Mode shapes have no built-in amplitude, they can be scaled by any factor. It is convenient to fix the scale factor using “mass normalisation”: scale each mode so that

$$\mathbf{u}^{(n)T} M \mathbf{u}^{(n)}=1 . \tag{12}$$

The archetypal vibration measurement, on a musical instrument or any other structure, is to apply a sinusoidal force to one point on a structure and observe the response at another point. Suppose we apply a sinusoidal force $F$ at frequency $\omega$ to the $j$th generalised coordinate. Now the frequency response function we want is the response at “point” $k$ to this forcing at “point” $j$. It can be expressed rather simply in terms of the mode shapes and frequencies:

$$G(j,k,\omega)=\dfrac{q_k}{F}=\sum_n \dfrac{u_j^{(n)}u_k^{(n)}}{\omega_n^2-\omega^2}. \tag{13}$$

The word “point” was deliberately written in quotes in the sentence above, because eq. (13) applies to a much wider range of problems than is immediately apparent. We will return to that question after some qualitative comments about what eq. (13) tells us.

The substance of eq. (13) can be described in words. First, the frequency response function for any chosen driving point $j$ and measuring point $k$ can be found once we know the mode shapes and natural frequencies: no other information is needed about the system. Modal information tells you everything. Second, the amplitude of a given modal response is given by the product of the (mass-normalised) mode shape at the driving point with the same mode at the observation point. (Those could be the same point if $j = k$, in which case it would be called a “driving-point response”.) For the drum problem, if the measuring point is kept fixed while the drummer hits at different positions, the “amount” of each mode in the mixture will change in a way which is easily visualised: it simply follows the modal amplitude at the tapping point. Third, each of the separate terms inside the summation in eq. (13) looks exactly like the response of a simple mass-spring oscillator as shown in eq. (12) of section 2.2.2. Comparing the two expressions, we see that the $n$th mode has a natural frequency $\omega_n$ and an effective mass which is the inverse of the mode-shape product $u_j^{(n)}u_k^{(n)}$.

This equivalence extends to the free motion of the system, as well. The most general free motion involves a mixture of the vibration modes, with each mode behaving just like a mass-spring oscillator, bouncing away at its own frequency quite independent of what any other modes might be doing. The total response is simply the sum of these separate modal responses.

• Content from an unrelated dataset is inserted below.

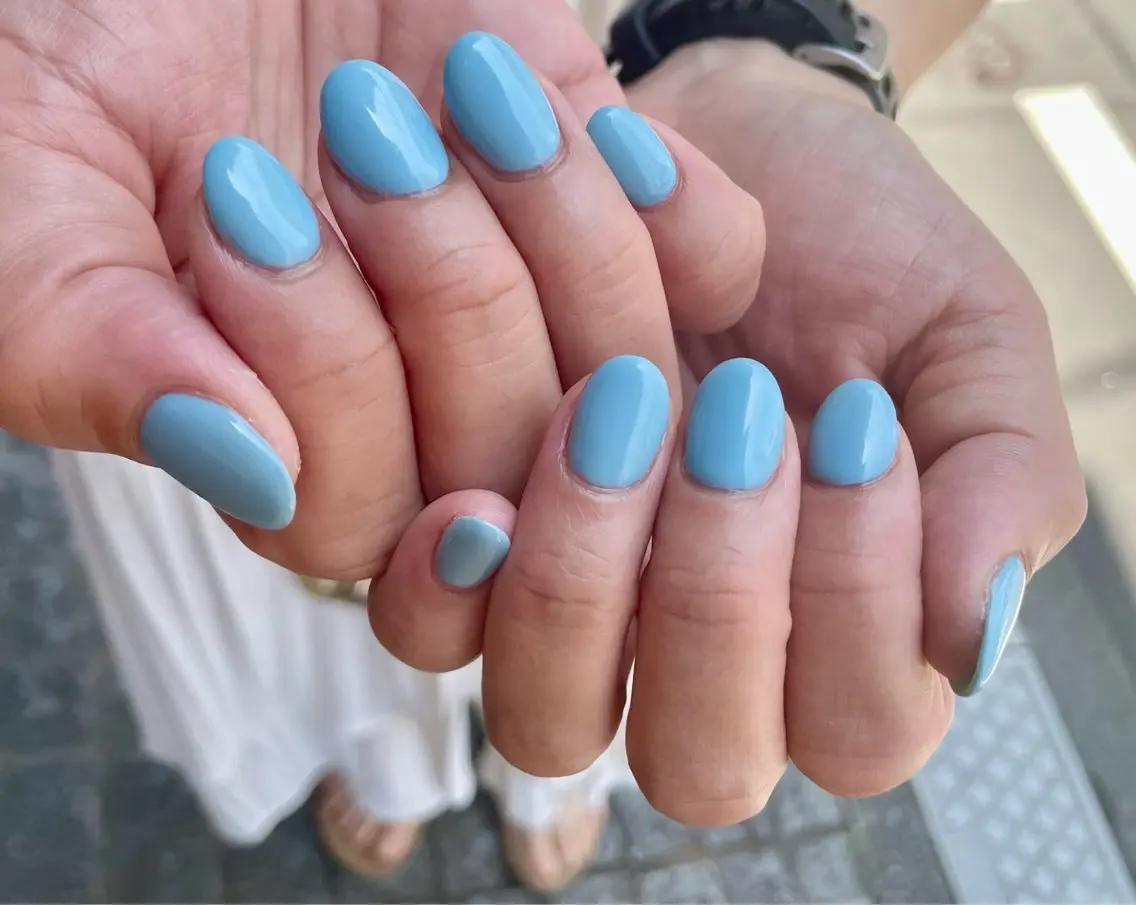 パラジェル使用❤️handオフありワンカラー💅の写真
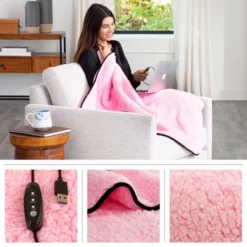 Heated Blanket 2-Pack - USB-Powered Fleece Throw Blankets For Travel, Home, Office, Or Camping - Winter Car Accessories By Stalwart (Pink) 14 Heated Blanket 2-Pack - USB-Powered Fleece Throw Blankets For Travel, Home, Office, Or Camping - Winter Car Accessories By Stalwart (Pink) -Bedding Sale Store GUEST 2dbd13b8 4fba 48f2 baaa 9b03aebd31ba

The components of the vector $\mathbf{u}$ are not necessarily displacements at points on the structure: they might be rotation angles if we are looking at a problem involving torsional motion, or they might be less obvious things like the coefficients in a Finite-Element model of a structure. The transfer function (13) applies equally well to all these cases, provided the correct definition is used for the “force” $F$. For internal consistency, this has to be the correct “generalised force” to appear on the right-hand side of Lagrange’s equation. The definition of the generalised force $Q_j$ associated with a generalised coordinate $q_j$ is as follows. Imagine a small movement of the system in which $q_j$ increases by a small amount $\delta q_j$ while all the other generalised coordinates remain unchanged. Suppose the work done on the system by external forces during this displacement is $\delta W$: then define $Q_j$ so that

$$\delta W=Q_j \delta q_j. \tag{14}$$

If $q_j$ is actually the displacement of a particular point on the system, then $Q_j$ is indeed the force applied at that point, as implied by the description during the derivation of the transfer function (13) above. If $q_j$ is the rotation angle of a system component, then $Q_j$ is the external moment applied to that component.